Patto di prova e violazione della normativa emergenziale
Com’è noto, a causa dell’emergenza epidemiologica da Covid-19, il DL n. 18/2020 (c.d. Decreto “Cura Italia”) ha prorogato il divieto di licenziamento per giustificato motivo oggettivo, il cui termine è stato successivamente esteso al 30 giugno 2021 dal D.L. n. 41/2021 (c.d. Decreto “Sostegni”). A tal riguardo, il Tribunale di Roma, con la sentenza del 25 marzo 2021 (APRI) si è pronunciato sulla illegittimità di un licenziamento comminato nel periodo di prova.
E’ il caso di una lavoratrice assunta con contratto, sottoscritto in data 1° marzo 2020, che prevedeva un periodo di prova di 6 mesi.
Sebbene la ricorrente in smart working avesse continuato a svolgere le mansioni a cui era adibita, trascorso il periodo di prova, la società convenuta le aveva comunicato la volontà di risolvere il rapporto di lavoro. A fronte di ciò, il Giudice dichiarava nullo il licenziamento irrogato alla ricorrente, disponendone la reintegra.

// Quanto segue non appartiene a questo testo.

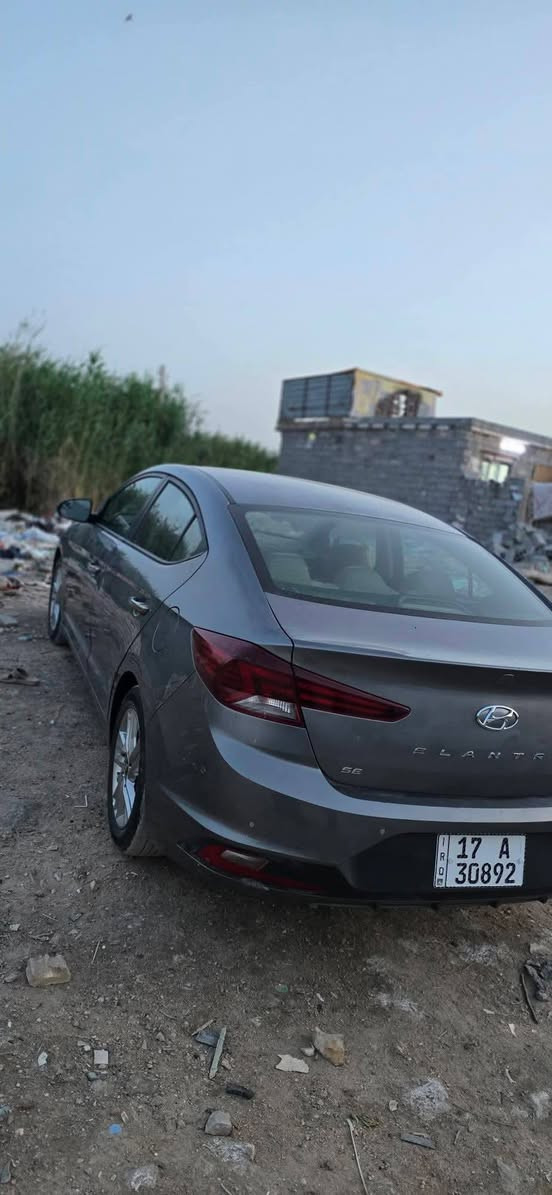 السلام عليكم النترا للبيع موديل 19 رقمها مثنى دولي سياره حره مداور ثاني يوم اجه حادثها من امريكا بنيد مبدل ومصبوغ ولجملغ بارد وبيها بعد باردات سعرها 117 وبيها مجال مكانها كربلاء ***********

Sul punto, si osservi che le parti, preliminarmente alla stipula di un contratto di lavoro, possono prevedere la cosiddetta clausola del “patto di prova” e cioè l’effettuazione di un periodo durante il quale il lavoratore ha gli stessi diritti e doveri di un qualsiasi altro dipendente ed, inoltre, che la citata clausola deve contenere l’indicazione specifica delle mansioni affidate al lavoratore, al fine di provare il positivo superamento del periodo stesso.
La Suprema Corte ha ribadito, a tal proposito, che “incombe sul lavoratore licenziato, che deduca in sede giurisdizionale la nullità di tale recesso, l’onere di provare, secondo la regola generale di cui all’art. 2697 cc, sia il positivo superamento del patto del periodo di prova, sia che il recesso è stato determinato da un motivo illecito” (Cass. n. 21784 del 14/10/2009; n. 16224 del 27/6/2013). Pertanto, nel caso di specie, il periodo di prova risulta superato dalla ricorrente per il principio di non contestazione.
Nella citata pronuncia, inoltre, il Giudice ha ritenuto il licenziamento intimato alla dipendente, determinato da un motivo illecito, poiché era stato irrogato per motivi economici e non per mancato superamento del periodo di prova.
Pertanto, il Tribunale ha dichiarato la nullità del licenziamento e ordinato la reintegra nel posto di lavoro precedentemente occupato dalla lavoratrice, condannando l’Azienda a corrispondere alla stessa tutte le retribuzioni maturate dal 16 marzo 2020 fino all’effettiva reintegrazione.